**AIM OF THE TASK:** Your answer must match the records word for word and contain no pictures.
[Opening SUPPLIED RECORDS section]
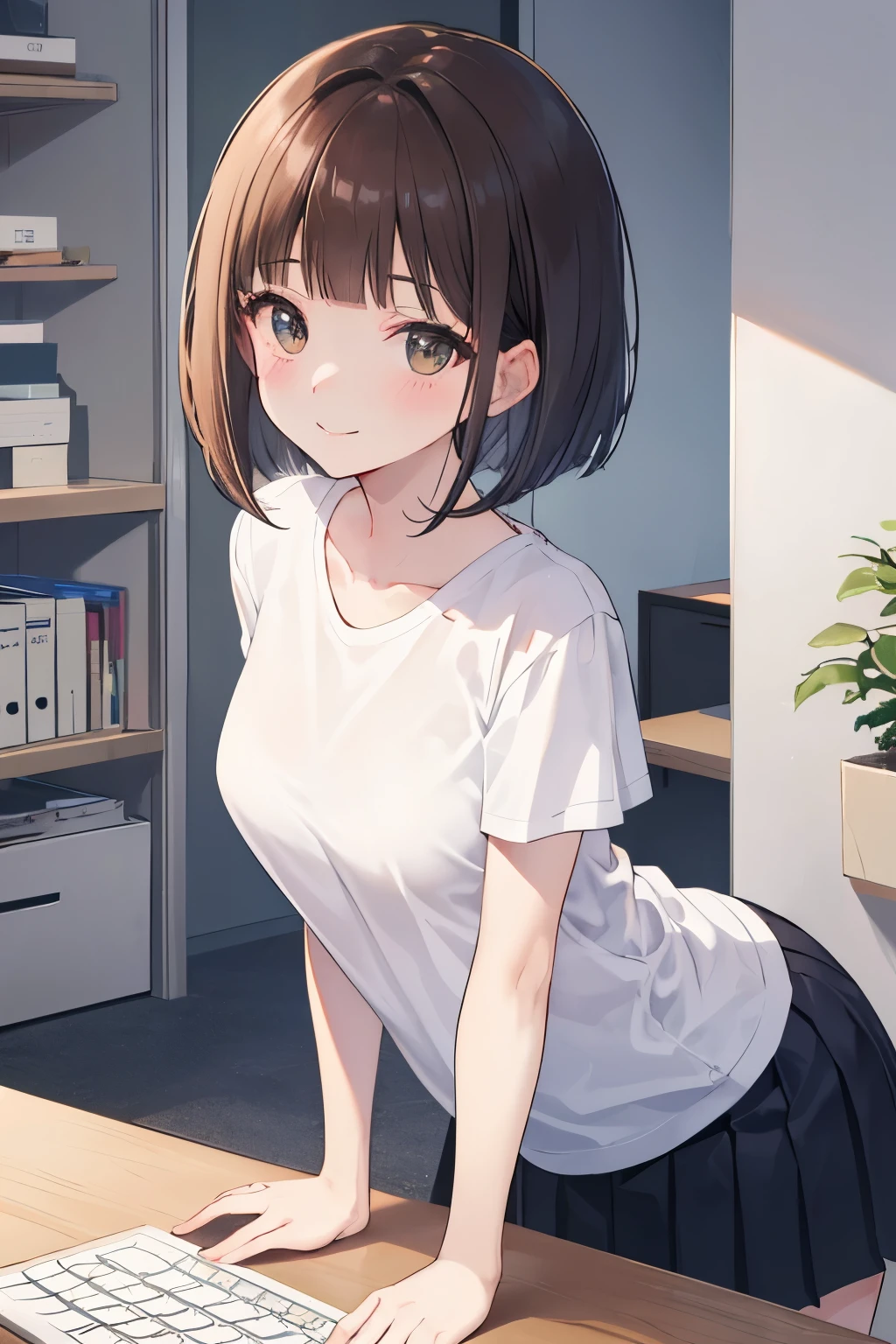 frame in, from right in front of face and body, view straight on, upper body, High quality, very high res, High quality, cute girl, brown hair, forehead, blunt bangs, bob cut, blush, Brushed up bangs, (white wearing a plain t-shirt), small breasts, upright, pleated skirt, work desk, sitting in a work chair, (pov hands), (guided breast grab), guiding hand, at office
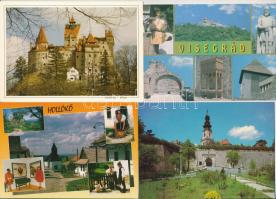 44 db MODERN történelmi magyarországi város képeslap: várak / 44 modern Hungarian town postcards: castles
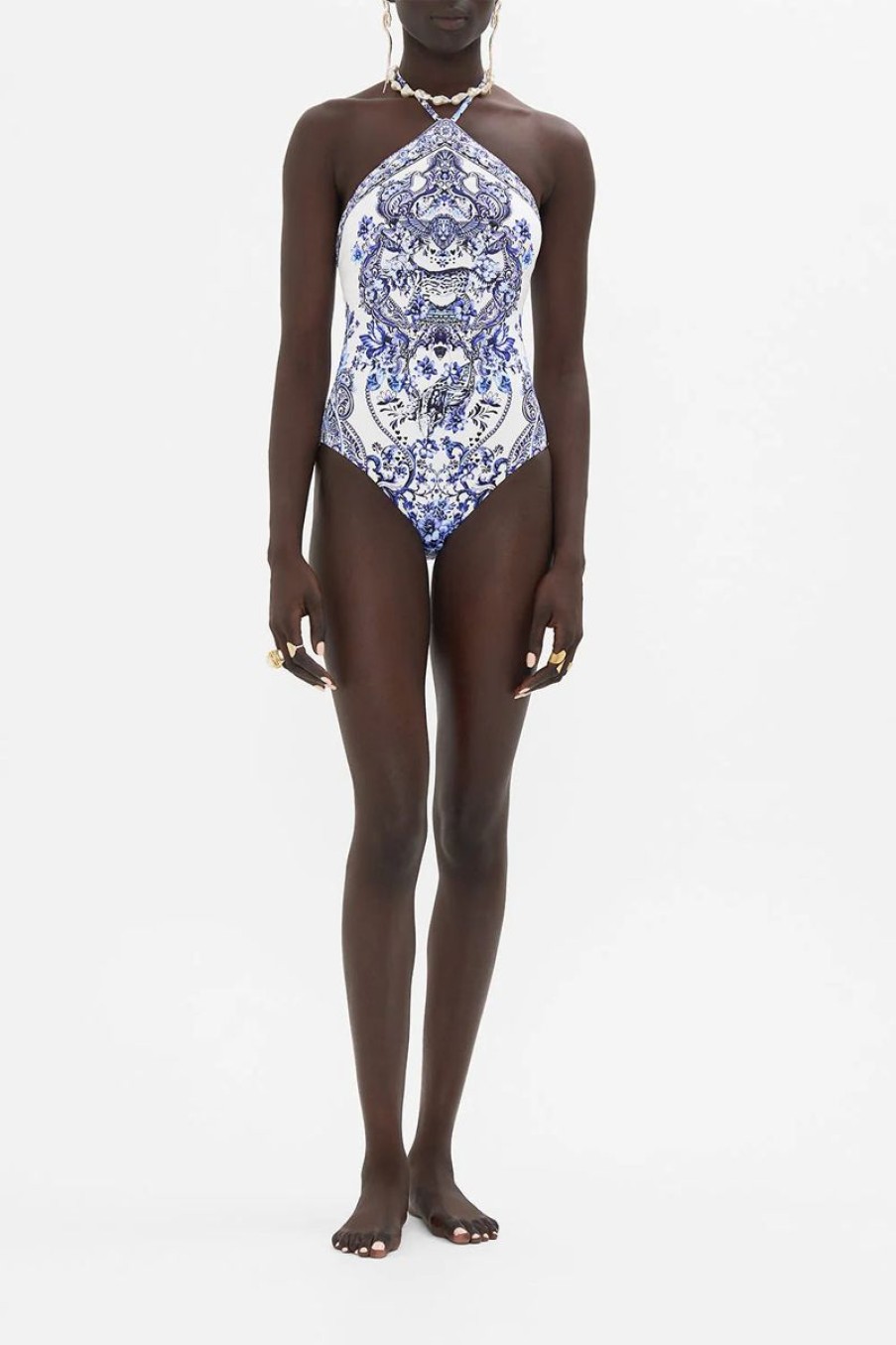 Women CAMILLA Swimwear & Coverups | Camilla Halter Neck One Piece In Glaze And Graze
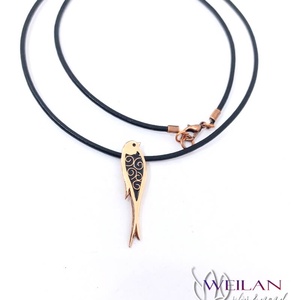 Vadvilág - Fecske, bronz tűzzománc medál, fekete, Ékszer, Nyaklánc, Medálos nyaklánc, Ötvös, Tűzzománc, MESKA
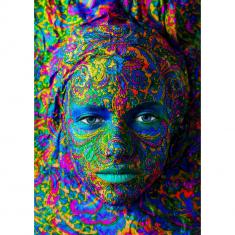 Puzzle de 1000 Piezas : Mujer con maquillaje artístico en color.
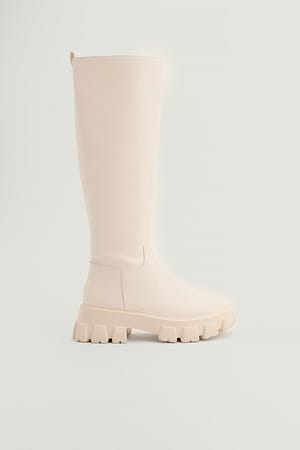 Creme Bottes Tige À Semelle Haute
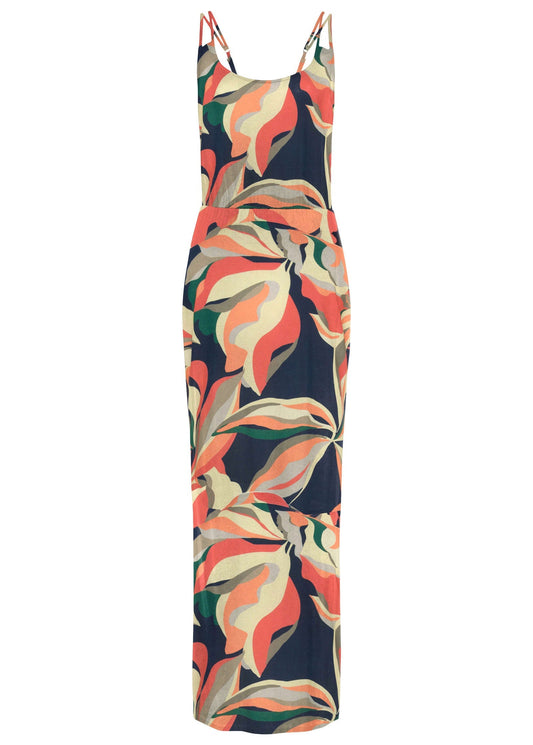 High Slit Maxi Dress - Navy Multi | Venus Cost Saving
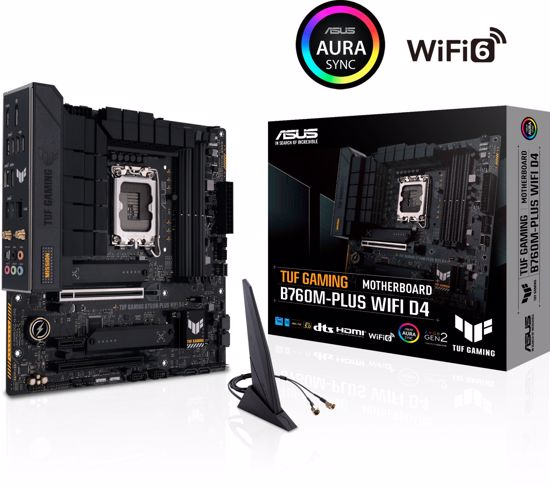 Fotografija izdelka ASUS TUF GAMING B760M-PLUS WIFI D4, DDR4, SATA3, USB3.2Gen2x2, DP, LGA1700 mATX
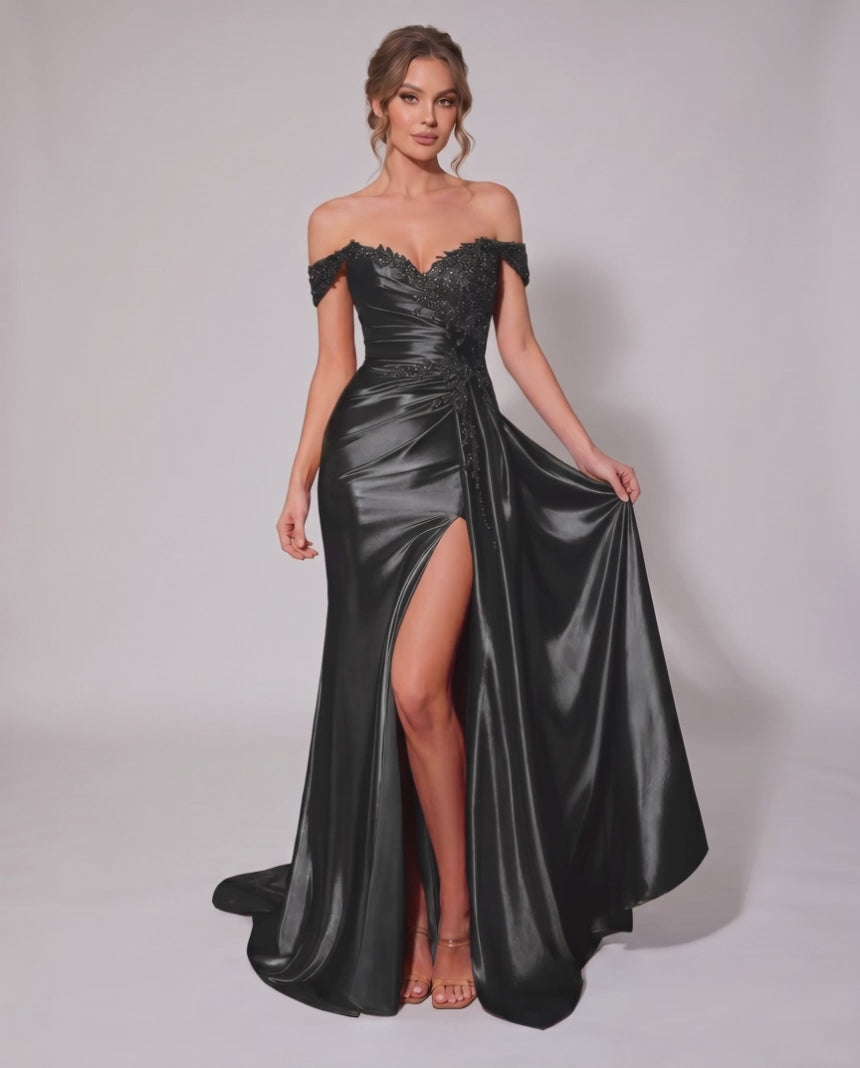 Veloura Maxi Dress by Lauven — satin off-shoulder sweetheart mermaid maxi dress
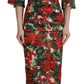 Dolce & Gabbana Multicolor Geranium Silk Sheath Midi Dress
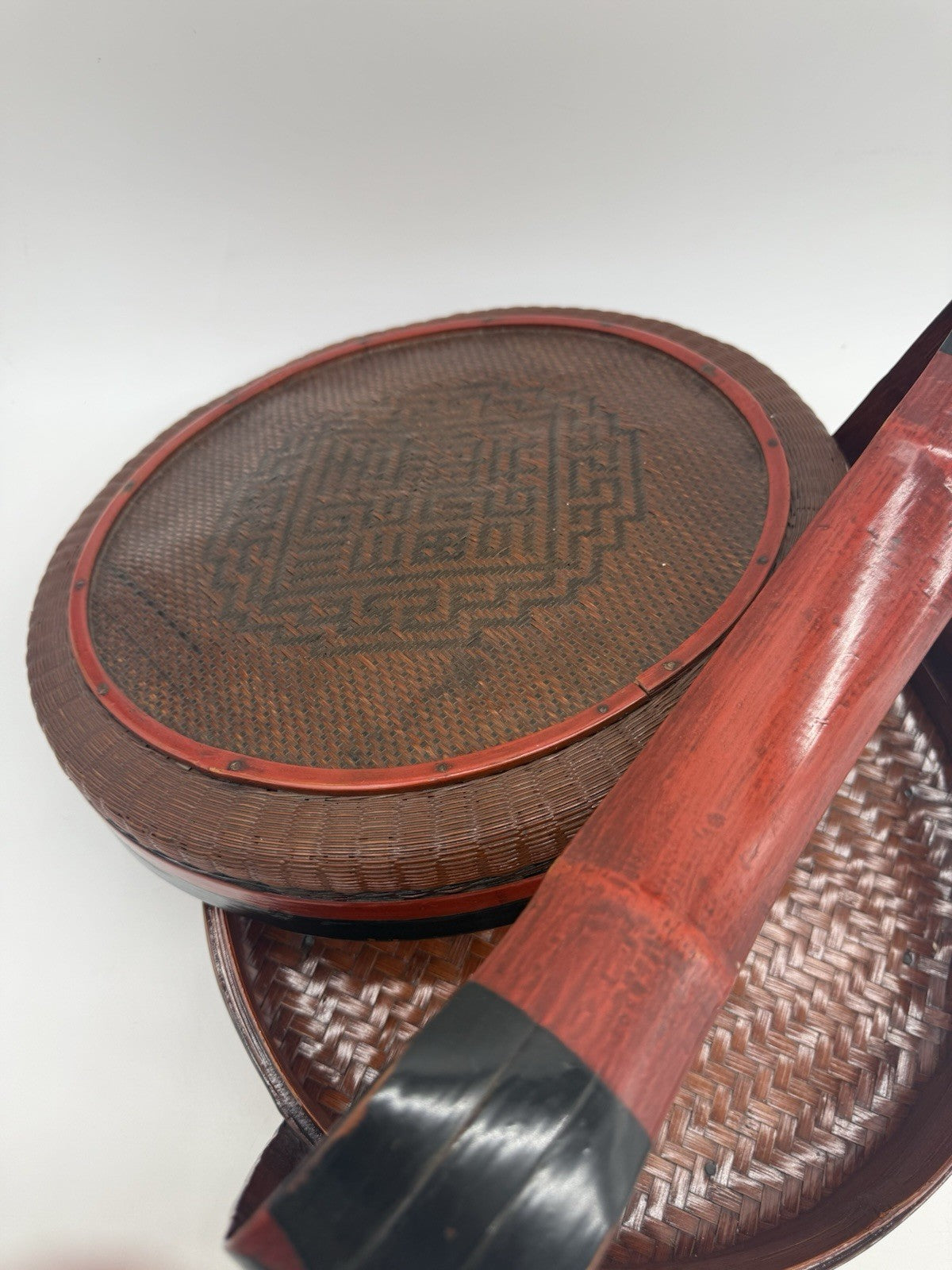HANDGEFERTIGTER ASIATISCHER KORB BAMBUS CHINA VINTAGE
[Closing SUPPLIED RECORDS section]
**OUTPUT:**
 frame in, from right in front of face and body, view straight on, upper body, High quality, very high res, High quality, cute girl, brown hair, forehead, blunt bangs, bob cut, blush, Brushed up bangs, (white wearing a plain t-shirt), small breasts, upright, pleated skirt, work desk, sitting in a work chair, (pov hands), (guided breast grab), guiding hand, at office
 44 db MODERN történelmi magyarországi város képeslap: várak / 44 modern Hungarian town postcards: castles
 Women CAMILLA Swimwear & Coverups | Camilla Halter Neck One Piece In Glaze And Graze
 Vadvilág - Fecske, bronz tűzzománc medál, fekete, Ékszer, Nyaklánc, Medálos nyaklánc, Ötvös, Tűzzománc, MESKA
 Puzzle de 1000 Piezas : Mujer con maquillaje artístico en color.
 Creme Bottes Tige À Semelle Haute
 High Slit Maxi Dress - Navy Multi | Venus Cost Saving
 Fotografija izdelka ASUS TUF GAMING B760M-PLUS WIFI D4, DDR4, SATA3, USB3.2Gen2x2, DP, LGA1700 mATX
 Veloura Maxi Dress by Lauven — satin off-shoulder sweetheart mermaid maxi dress
 Dolce & Gabbana Multicolor Geranium Silk Sheath Midi Dress
HANDGEFERTIGTER ASIATISCHER KORB BAMBUS CHINA VINTAGE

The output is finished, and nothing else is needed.